- _EXERCISE OBJECTIVE_
Only the lines below between the one holding "Boho Bali Dangle" and the one holding "MELISSA ODABASH HAMPTONS", inclusive, are to be reproduced word for word; the pictures are to be left out.

- _DATA FOR THE TASK_

· · · ·

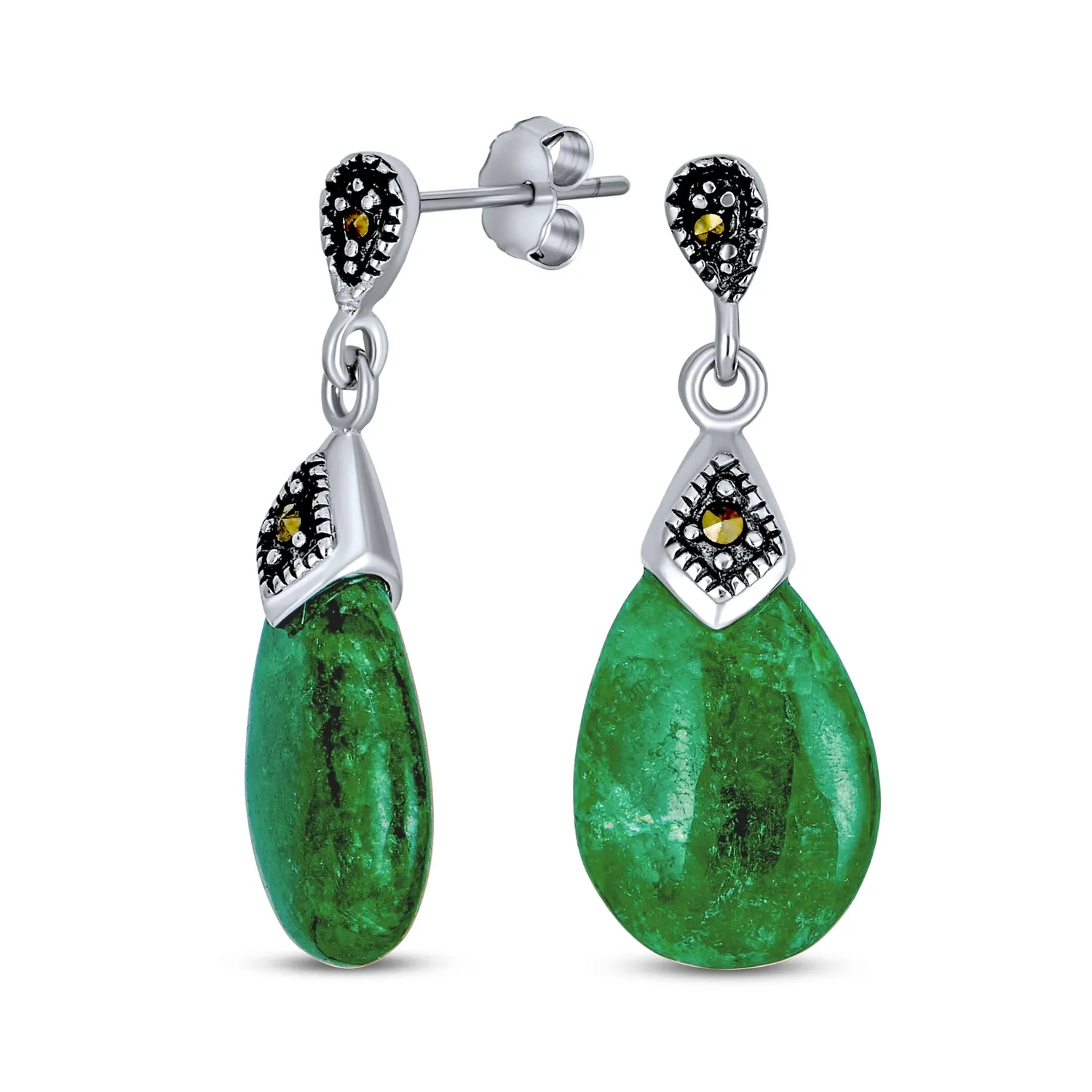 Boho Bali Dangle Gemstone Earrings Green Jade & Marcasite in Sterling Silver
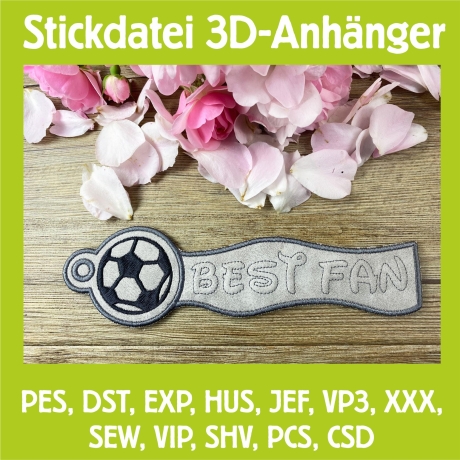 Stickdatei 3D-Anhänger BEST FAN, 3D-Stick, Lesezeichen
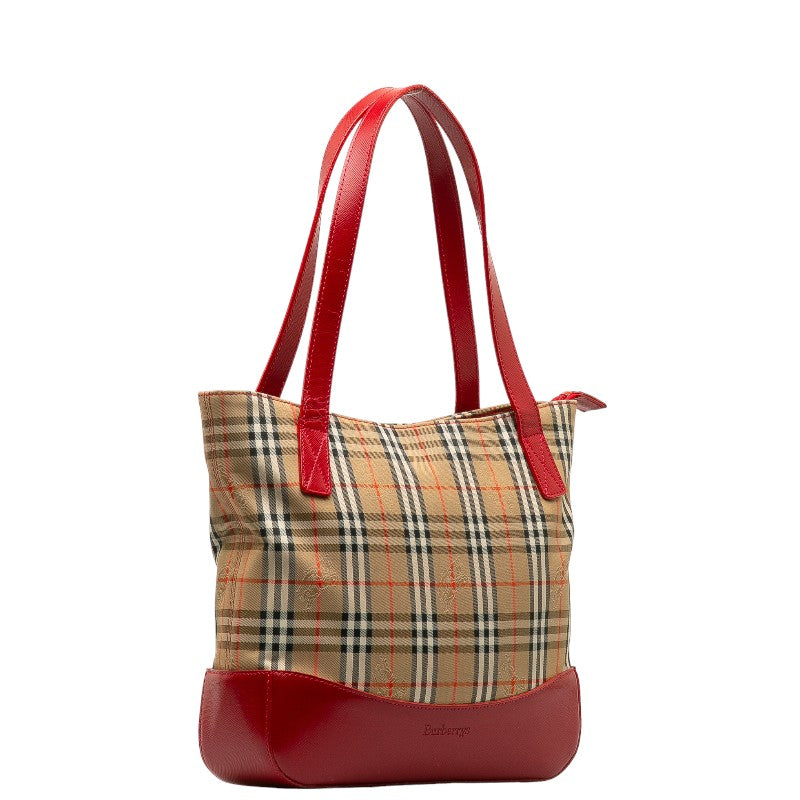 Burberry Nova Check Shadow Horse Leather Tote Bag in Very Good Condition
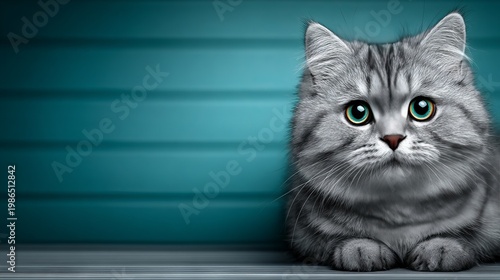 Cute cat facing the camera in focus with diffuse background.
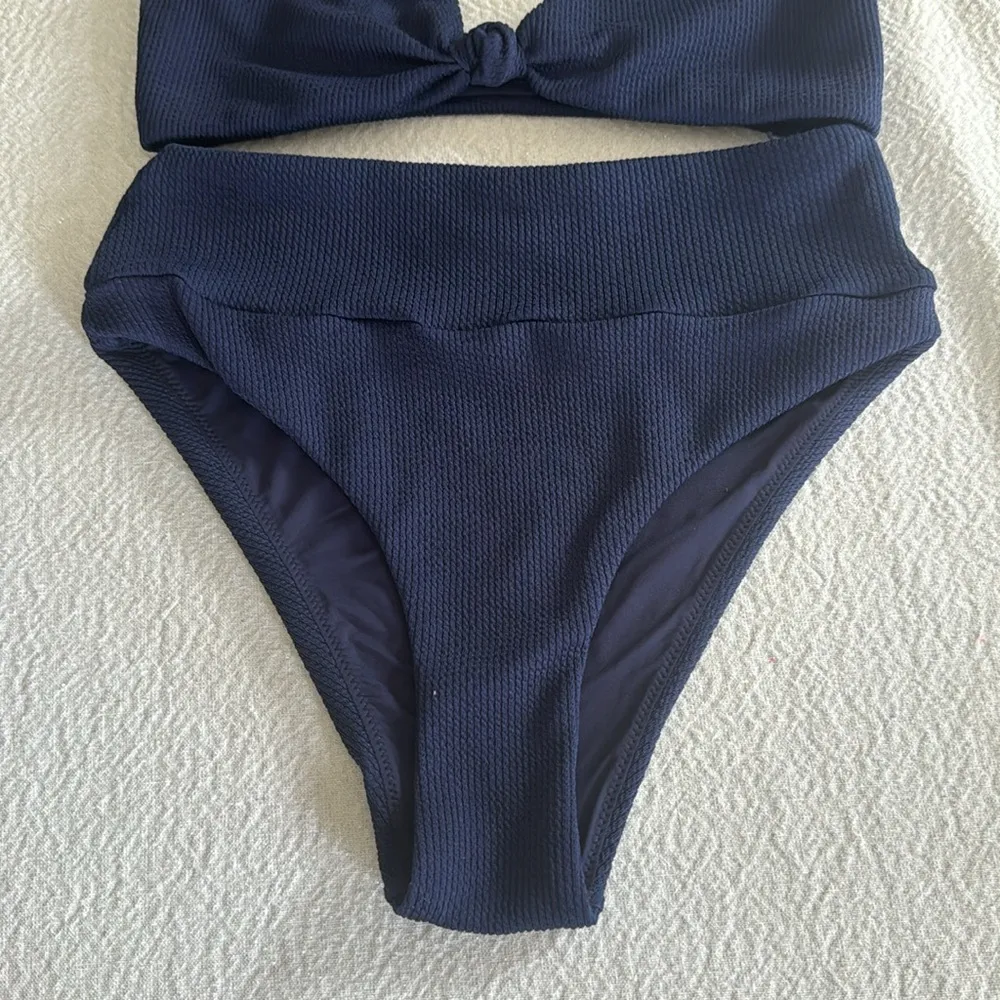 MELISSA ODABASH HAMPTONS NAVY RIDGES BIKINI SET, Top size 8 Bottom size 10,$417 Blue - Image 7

· · · ·

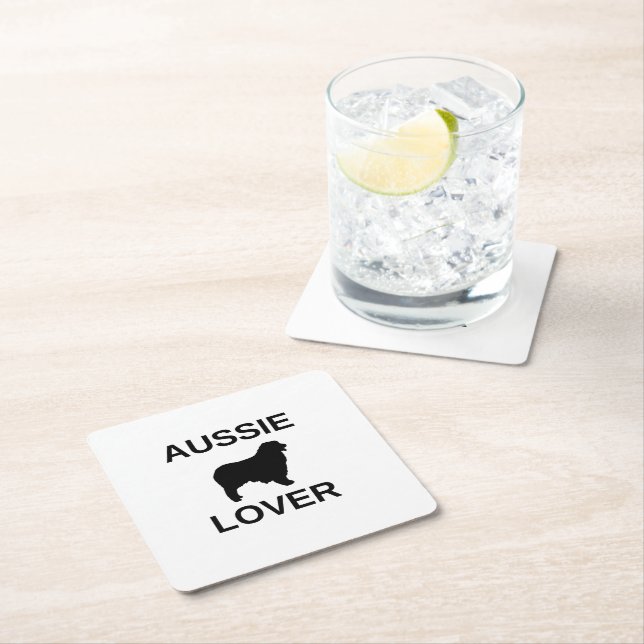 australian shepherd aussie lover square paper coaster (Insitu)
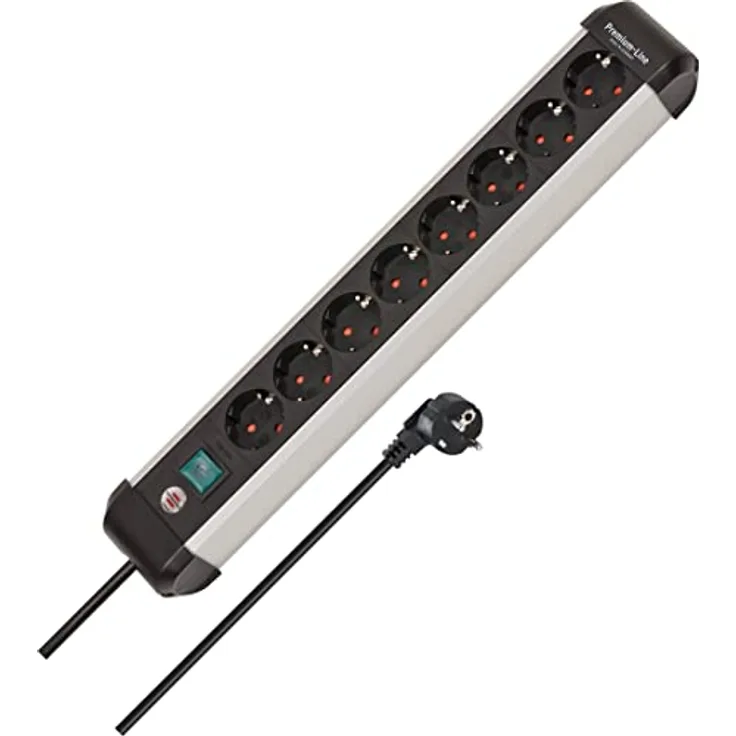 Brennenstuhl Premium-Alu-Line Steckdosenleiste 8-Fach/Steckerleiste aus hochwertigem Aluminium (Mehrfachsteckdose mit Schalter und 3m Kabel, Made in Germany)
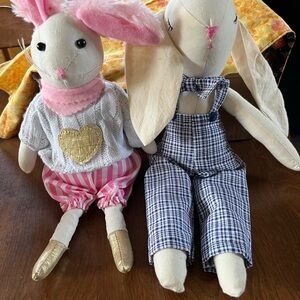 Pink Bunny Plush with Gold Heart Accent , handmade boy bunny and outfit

· · · ·

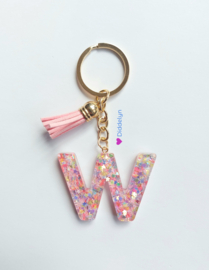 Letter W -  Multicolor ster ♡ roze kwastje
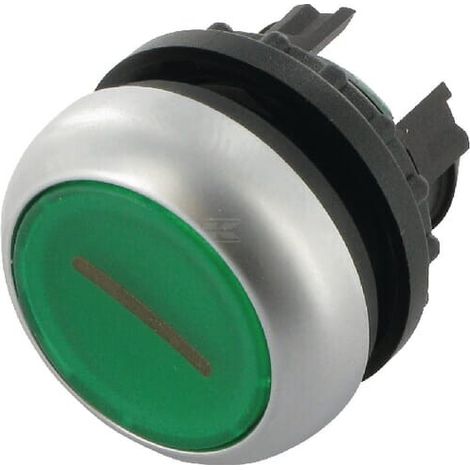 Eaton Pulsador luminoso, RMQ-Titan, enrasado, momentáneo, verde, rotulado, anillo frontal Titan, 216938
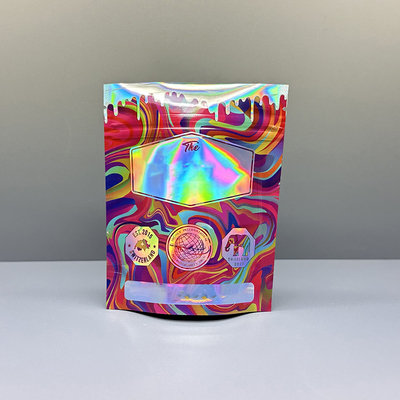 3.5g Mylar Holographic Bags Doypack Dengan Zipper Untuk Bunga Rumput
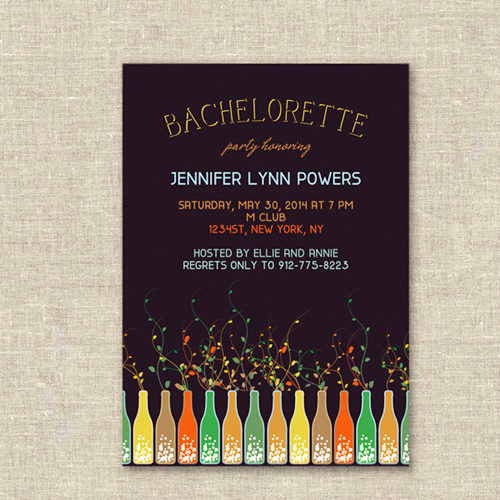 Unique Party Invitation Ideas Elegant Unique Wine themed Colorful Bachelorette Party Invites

· · · ·

- _EXERCISE RESPONSE_
 Boho Bali Dangle Gemstone Earrings Green Jade & Marcasite in Sterling Silver
 Stickdatei 3D-Anhänger BEST FAN, 3D-Stick, Lesezeichen
 Burberry Nova Check Shadow Horse Leather Tote Bag in Very Good Condition
 Cute cat facing the camera in focus with diffuse background.
 MELISSA ODABASH HAMPTONS NAVY RIDGES BIKINI SET, Top size 8 Bottom size 10,$417 Blue - Image 7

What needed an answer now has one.